The dead body of a young boy was laid out in front of her on a bed of grass. He was washed and naked, his expression one of peace. There were no visible marks upon the body, and I could surmise only that some unseen illness had taken his life.
“Not afraid of death or bats, I hope, stranger,” she said with a smile.
“I have seen my share of death, Ferryman. And as for bats? Fascinating creatures” came my reply. I checked my notes, which were shockingly easy to read in the bright moonlight. “They are not to be feared. Are they your chosen . . . vessel? Is that the word you prefer to use?”
She nodded, and as she did, a few of those very bats swooped down to join us. They landed on one of the low fronds, two dark brown creatures that were, quite frankly, grotesquely ugly. Their faces were wrinkled and their lower jaws pronounced, giving them a hungry, feral look. Still, I smiled to see them. They were part of the ritual, after all, and that was what I had come to witness. Perhaps the hideous things were a poetic choice, given that they would serve as waypoint between life and death for the soul, until someone or something chose to set them free.
A dense, cold miasma surrounded us, emanating from the young woman. Whispers chased around us, a soft tornado of voices that vanished the instant you tried to decipher the words. Chilled beads of sweat traced down my temples, the transition from hot to cold air so sudden it left me breathless and numb.
Her brown eyes glowed scarlet, then redder than that, hot coals that pulsed white in the moonlight. Next to me, Olaseni whimpered. I looked into Idaramfon’s burning eyes and a hundred lost souls stared back at me, challenging and provoking me to gaze on and on, to stay fixed in that spot and perish there so I might join them. Later, when we returned to his home, I asked Olaseni what he thought of the experience.
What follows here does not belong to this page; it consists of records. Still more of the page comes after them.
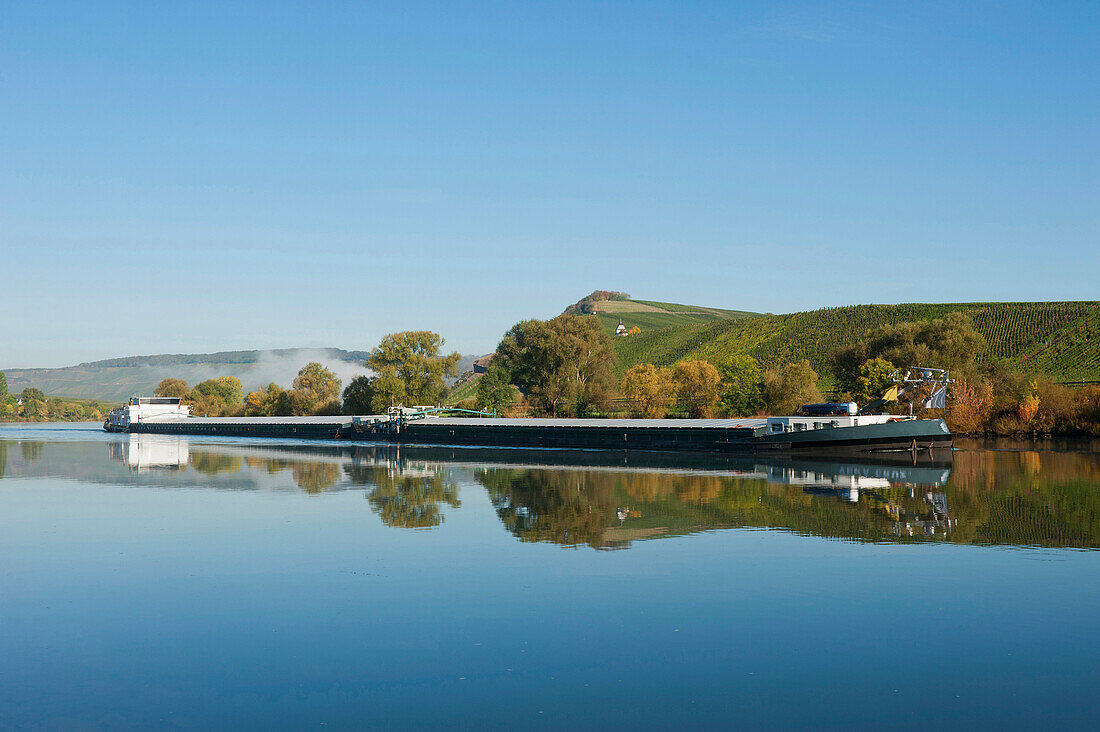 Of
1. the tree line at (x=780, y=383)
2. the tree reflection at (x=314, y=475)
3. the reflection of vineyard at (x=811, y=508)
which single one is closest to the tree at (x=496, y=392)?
the tree line at (x=780, y=383)

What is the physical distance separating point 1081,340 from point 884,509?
272 ft

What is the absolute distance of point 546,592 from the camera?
13492 millimetres

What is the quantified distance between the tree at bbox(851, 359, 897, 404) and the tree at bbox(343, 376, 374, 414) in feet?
183

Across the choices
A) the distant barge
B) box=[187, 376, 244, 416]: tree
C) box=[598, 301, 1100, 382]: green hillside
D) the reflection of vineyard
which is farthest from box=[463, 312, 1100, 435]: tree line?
box=[187, 376, 244, 416]: tree

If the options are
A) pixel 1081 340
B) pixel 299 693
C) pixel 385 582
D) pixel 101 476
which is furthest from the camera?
pixel 1081 340

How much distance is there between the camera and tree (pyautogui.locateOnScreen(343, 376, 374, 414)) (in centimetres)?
10069

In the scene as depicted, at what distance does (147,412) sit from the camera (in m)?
111

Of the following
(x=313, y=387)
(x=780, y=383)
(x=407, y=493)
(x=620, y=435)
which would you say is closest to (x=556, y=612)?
(x=407, y=493)

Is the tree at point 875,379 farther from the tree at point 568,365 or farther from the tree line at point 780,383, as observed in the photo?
the tree at point 568,365

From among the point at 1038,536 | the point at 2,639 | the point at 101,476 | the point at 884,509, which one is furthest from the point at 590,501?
the point at 101,476

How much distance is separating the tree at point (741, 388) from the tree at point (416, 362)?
36.9 meters

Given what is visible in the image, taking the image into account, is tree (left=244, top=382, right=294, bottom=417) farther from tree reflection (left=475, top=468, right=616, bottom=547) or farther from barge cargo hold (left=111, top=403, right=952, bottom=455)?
tree reflection (left=475, top=468, right=616, bottom=547)

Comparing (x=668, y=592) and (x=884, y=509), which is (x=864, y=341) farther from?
(x=668, y=592)

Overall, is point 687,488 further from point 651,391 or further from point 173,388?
point 173,388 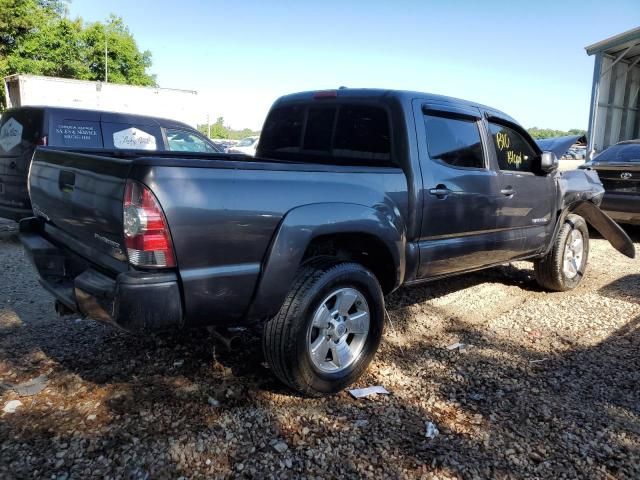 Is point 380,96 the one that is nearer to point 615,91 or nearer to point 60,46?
point 615,91

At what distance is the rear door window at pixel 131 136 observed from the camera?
712 centimetres

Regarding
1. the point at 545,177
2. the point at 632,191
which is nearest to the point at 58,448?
the point at 545,177

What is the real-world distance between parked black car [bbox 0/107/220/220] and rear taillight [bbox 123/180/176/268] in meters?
4.49

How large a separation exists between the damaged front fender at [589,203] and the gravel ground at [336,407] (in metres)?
1.44

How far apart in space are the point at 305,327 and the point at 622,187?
23.4 feet

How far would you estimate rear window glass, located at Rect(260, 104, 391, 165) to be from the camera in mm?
3730

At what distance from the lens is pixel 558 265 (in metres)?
5.34

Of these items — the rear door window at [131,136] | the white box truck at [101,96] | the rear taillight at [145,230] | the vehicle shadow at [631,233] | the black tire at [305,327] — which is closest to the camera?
the rear taillight at [145,230]

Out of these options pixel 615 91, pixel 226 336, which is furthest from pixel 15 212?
pixel 615 91

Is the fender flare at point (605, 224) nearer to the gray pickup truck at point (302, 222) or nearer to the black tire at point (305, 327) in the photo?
the gray pickup truck at point (302, 222)

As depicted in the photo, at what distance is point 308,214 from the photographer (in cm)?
285

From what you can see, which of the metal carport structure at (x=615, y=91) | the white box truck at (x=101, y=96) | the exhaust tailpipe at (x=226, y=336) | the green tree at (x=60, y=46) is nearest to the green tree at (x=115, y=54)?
the green tree at (x=60, y=46)

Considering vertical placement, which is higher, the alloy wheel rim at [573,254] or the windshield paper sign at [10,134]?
the windshield paper sign at [10,134]

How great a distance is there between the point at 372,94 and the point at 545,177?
7.28 feet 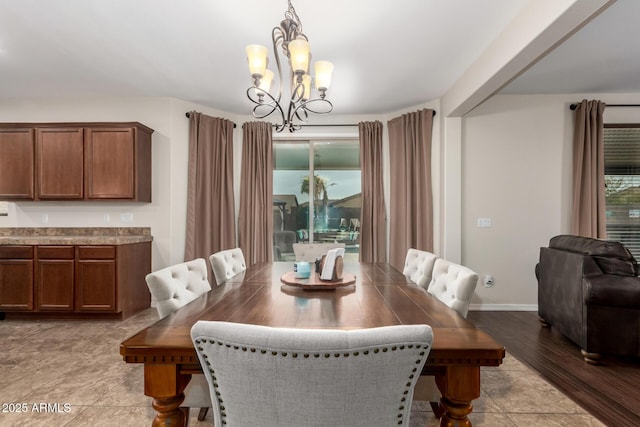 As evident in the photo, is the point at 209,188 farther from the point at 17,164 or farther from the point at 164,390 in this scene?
the point at 164,390

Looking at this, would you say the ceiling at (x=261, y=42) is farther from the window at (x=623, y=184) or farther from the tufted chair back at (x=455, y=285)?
the tufted chair back at (x=455, y=285)

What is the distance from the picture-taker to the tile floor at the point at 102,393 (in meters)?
1.78

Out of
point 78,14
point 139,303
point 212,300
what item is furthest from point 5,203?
point 212,300

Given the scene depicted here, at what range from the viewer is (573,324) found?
104 inches

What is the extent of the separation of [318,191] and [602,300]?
3.26m

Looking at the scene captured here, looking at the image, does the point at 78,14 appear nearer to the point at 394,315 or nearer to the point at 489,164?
the point at 394,315

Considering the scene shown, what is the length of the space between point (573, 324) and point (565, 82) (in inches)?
103

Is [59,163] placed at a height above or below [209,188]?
above

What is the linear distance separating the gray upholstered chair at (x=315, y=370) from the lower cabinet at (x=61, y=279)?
3.20m

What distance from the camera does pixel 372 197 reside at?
4.29 metres

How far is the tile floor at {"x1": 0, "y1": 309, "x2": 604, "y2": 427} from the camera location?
1.78 meters

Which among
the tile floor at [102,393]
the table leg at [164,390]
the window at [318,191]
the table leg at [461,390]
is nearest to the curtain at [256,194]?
the window at [318,191]

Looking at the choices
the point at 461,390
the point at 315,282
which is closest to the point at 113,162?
the point at 315,282

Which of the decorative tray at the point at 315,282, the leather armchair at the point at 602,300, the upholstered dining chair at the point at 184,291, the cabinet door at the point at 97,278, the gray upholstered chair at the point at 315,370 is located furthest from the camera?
the cabinet door at the point at 97,278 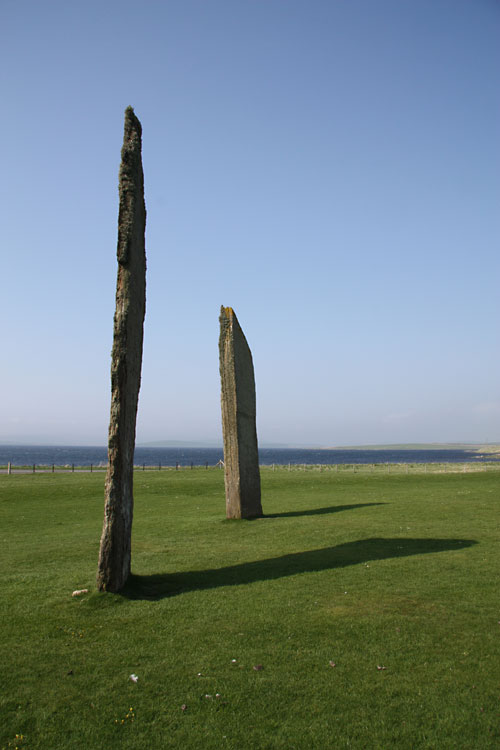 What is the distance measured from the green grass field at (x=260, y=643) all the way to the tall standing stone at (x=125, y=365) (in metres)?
0.65

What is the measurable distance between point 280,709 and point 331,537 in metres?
7.77

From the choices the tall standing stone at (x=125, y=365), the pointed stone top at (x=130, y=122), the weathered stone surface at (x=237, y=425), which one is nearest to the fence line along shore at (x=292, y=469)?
the weathered stone surface at (x=237, y=425)

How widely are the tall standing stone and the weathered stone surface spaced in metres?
7.01

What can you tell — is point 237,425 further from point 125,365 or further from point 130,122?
point 130,122

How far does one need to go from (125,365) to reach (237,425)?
7790mm

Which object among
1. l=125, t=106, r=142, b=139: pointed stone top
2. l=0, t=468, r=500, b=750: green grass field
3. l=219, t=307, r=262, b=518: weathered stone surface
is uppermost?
l=125, t=106, r=142, b=139: pointed stone top

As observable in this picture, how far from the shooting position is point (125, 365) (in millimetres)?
8320

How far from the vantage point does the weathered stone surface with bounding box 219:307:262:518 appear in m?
15.5

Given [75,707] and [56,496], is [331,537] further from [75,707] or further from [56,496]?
[56,496]

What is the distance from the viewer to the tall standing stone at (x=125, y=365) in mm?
8039

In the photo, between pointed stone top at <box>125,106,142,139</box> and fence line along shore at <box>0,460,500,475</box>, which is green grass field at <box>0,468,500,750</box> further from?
fence line along shore at <box>0,460,500,475</box>

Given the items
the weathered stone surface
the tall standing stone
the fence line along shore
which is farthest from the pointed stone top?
the fence line along shore

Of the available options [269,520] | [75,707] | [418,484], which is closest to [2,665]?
[75,707]

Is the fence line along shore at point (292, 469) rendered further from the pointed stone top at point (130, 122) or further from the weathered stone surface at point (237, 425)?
the pointed stone top at point (130, 122) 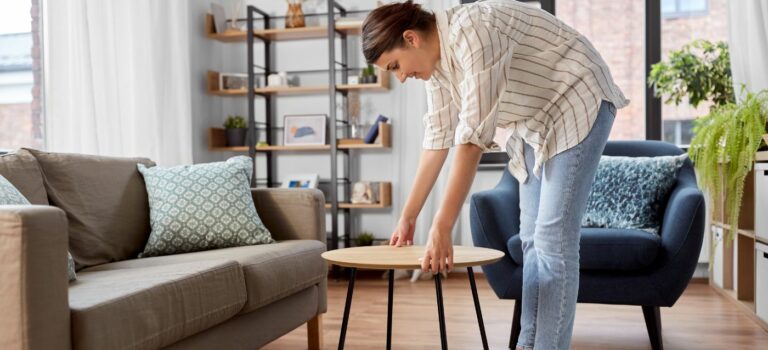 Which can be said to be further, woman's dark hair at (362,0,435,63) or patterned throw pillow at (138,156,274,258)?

He described it thus and with haunted eyes: it was like I could feel where my soul and body met, I could feel the seam, and then I felt that seam begin to give and tear.
In the clearing, her eyes red rimmed with silver, Idaramfon the Ferryman whispered, “When I tell you to close your mouth and eyes, strange one, do so. I intend to ferry away only one soul this night, and it should not be yours.”
Rare Myths and Legends: The Collected Findings of H. I. Morningside, page 233
Chijioke and Mary worked side by side on the lawn, both of them filling in holes as the orange glow of dusk grew all around us. A passel of crows had apparently survived the chase and now sat grouped on the manor’s roof, preening and fidgeting. By the time I left the shepherd’s hut, Joanna had cleared the dead birds from the stoop, though their feathers had gathered like black snow.
It was Chijioke who saw me first, jamming his shovel into the soft earth and leaning on it. He shielded his eyes and then waved, gesturing me over. I had taken the road back to Coldthistle, deeming it safer than the fields, where more of those ravens might be hovering. Two wagons waited in the circle drive outside the manse, and one was being loaded by Foster and George Bremerton, a long wooden slat with a draped figure balanced between them. Mrs. Eames. Somehow it made me slightly gratified to think she wouldn’t be buried right there on the grounds.